É importante combater esse tipo de representação, pois além de reforçar dinâmicas opressivas para mulheres, elas reproduzem essas dinâmicas para as próximas gerações. Dessa forma, enquanto garotos aprendem que não precisam exercer a paternidade ou cuidar da casa, garotas aprendem a não esperar grande coisa de seus futuros maridos.
Pensando nisso, fica até fácil entender por que elogiamos tanto maridos que lavam a louça de vez quando, ou pais que sabem trocar uma fralda. Não é que eles são bons pais ou bons maridos – as nossas expectativas é que estão muito baixas.

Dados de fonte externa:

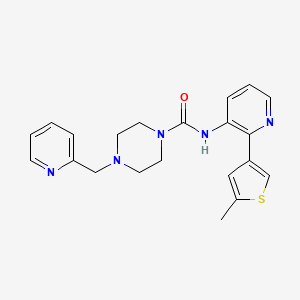 molecular formula C21H23N5OS B6943808 N-[2-(5-methylthiophen-3-yl)pyridin-3-yl]-4-(pyridin-2-ylmethyl)piperazine-1-carboxamide 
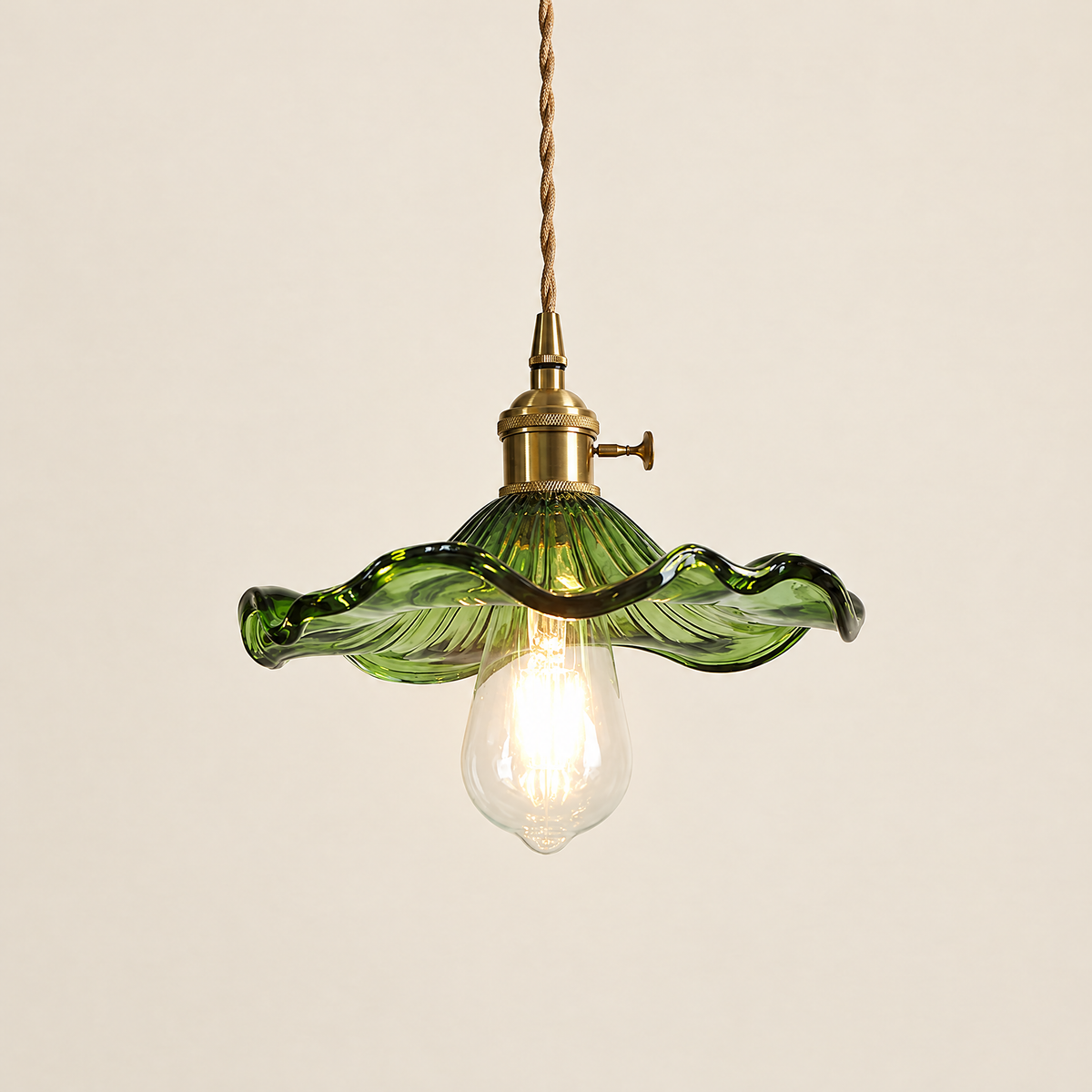 Floral Glass Pendant Light with Brass Fitting - Green Glass on Cream Background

Leia também sobre A Misteriosa Síndrome das Caras “Feios” com as Minas Gatas na Cultura Pop; e 4 Estereótipos de Mães que a Publicidade Precisa Parar de Usar.
Júlia
May 19, 2016 @ 1:29 pm
Amo seus textos!
Lara Vascouto
May 19, 2016 @ 2:06 pm
Que bom, Júlia! Obrigada pelo carinho! <3 😀
Pandora
May 19, 2016 @ 5:05 pm
Muitas coisas a serem exaltadas nesse texto, mas eu preciso falar desse comercial da Bombril!

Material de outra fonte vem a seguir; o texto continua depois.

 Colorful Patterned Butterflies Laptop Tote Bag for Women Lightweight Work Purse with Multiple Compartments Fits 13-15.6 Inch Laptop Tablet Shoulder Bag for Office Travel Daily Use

Pensei que só eu tinha achado essa propaganda ridícula, absurda e um retrocesso.
Pior, com mulheres que eu até admiro =/
Na época lamentei que ninguém deu piti por causa dela (pelo menos eu não vi), mas ao menos a citação dessa propaganda nesse texto me consolou hehehe.

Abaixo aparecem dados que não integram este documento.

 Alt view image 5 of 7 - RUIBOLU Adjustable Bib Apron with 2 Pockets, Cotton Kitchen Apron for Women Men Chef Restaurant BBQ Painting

Quanto ao restante do texto, maravilhosa a análise dos estilos das sitcoms ao longo do tempo, e perfeitas as conclusões daí extraídas.
Como sempre, excelente ;]
Fernanda
May 20, 2016 @ 9:21 pm
Excelente análise! Inteligente, objetiva e coerente. Parabéns!
Karla
June 7, 2016 @ 2:27 pm
Menina, que mão para escrever! Da maioria dos textos que publicou, já tinha pensado sobre o assunto e comentado em algum momento com alguém. Parabéns pelo blog.
Lara Vascouto
June 7, 2016 @ 11:38 pm
Obrigada, Karla! 😀
Lucas
June 24, 2016 @ 4:33 am
Esse padrão pode ser visto em algumas sitcoms animadas também usam esse esteriótipo como o Ricardo e Nicole Watterson de “O Incrível Mundo de Gumball”, Hugo e Lila Test em “Jhonny Test”, Sr. e Sra. Turner dos “Padrinhos Mágicos”. Nesses casos, quem trabalha fora é a esposa e cabe aos homens cuidarem da casa.
Débora
July 2, 2016 @ 3:49 pm
Mais um excelente texto Lara!
Gustavo
August 30, 2016 @ 4:54 pm
Achei a crítica bem exagerada e com um tom inconformado. A impressão é que, não importa o que seja feito, sempre vão reclamar. Se a mulher é retratada como um bibelô, a mocinha a ser salva, reclamam. Se pelo contrário, ela é o porto seguro do homem e todos percebem a sorte do marido ao tê-la ao seu lado, também reclamam. E se os dois trabalham, e a mulher é a parte considerada a parte “razão” da dupla, também se reclama que ela está sendo colocada como controladora e megera. Difícil. Eu vejo seriados feitos dos anos 50 em diante e a mulher competente e que salva o dia sempre esteve em alta.
Lara Vascouto
August 30, 2016 @ 8:19 pm
Não é pra ser difícil criar personagens femininas que não sejam perfeitas ou objetos, Gustavo. Mulheres são tão complexas e falhas quanto homens. Nos retratar como perfeitas não nos faz nenhum favor.
Line
April 22, 2017 @ 5:52 pm
Retratar as mulheres como seres perfeitos lembra ”The Stepford Wives” ou ”mulheres perfeitas”. Sempre colocam a mulher como ”perfeita” apenas dentro do universo doméstico e maternal, mas no universo corporativo é sempre a estressada, a louca, a megera, mal comida e incompetente. Assim como sempre retratar homens como bobalhões no universo doméstico e gênios no meio corporativo. Ao contrário do que pensa o gustavo esses esterotipos limitadores não ajudam nem o homens e muito menos as mulheres. o gustavo mesmo sem perceber está descontente e reclamando de algo que não gostou. Não tem como agradar a todos, nem ao gustavo.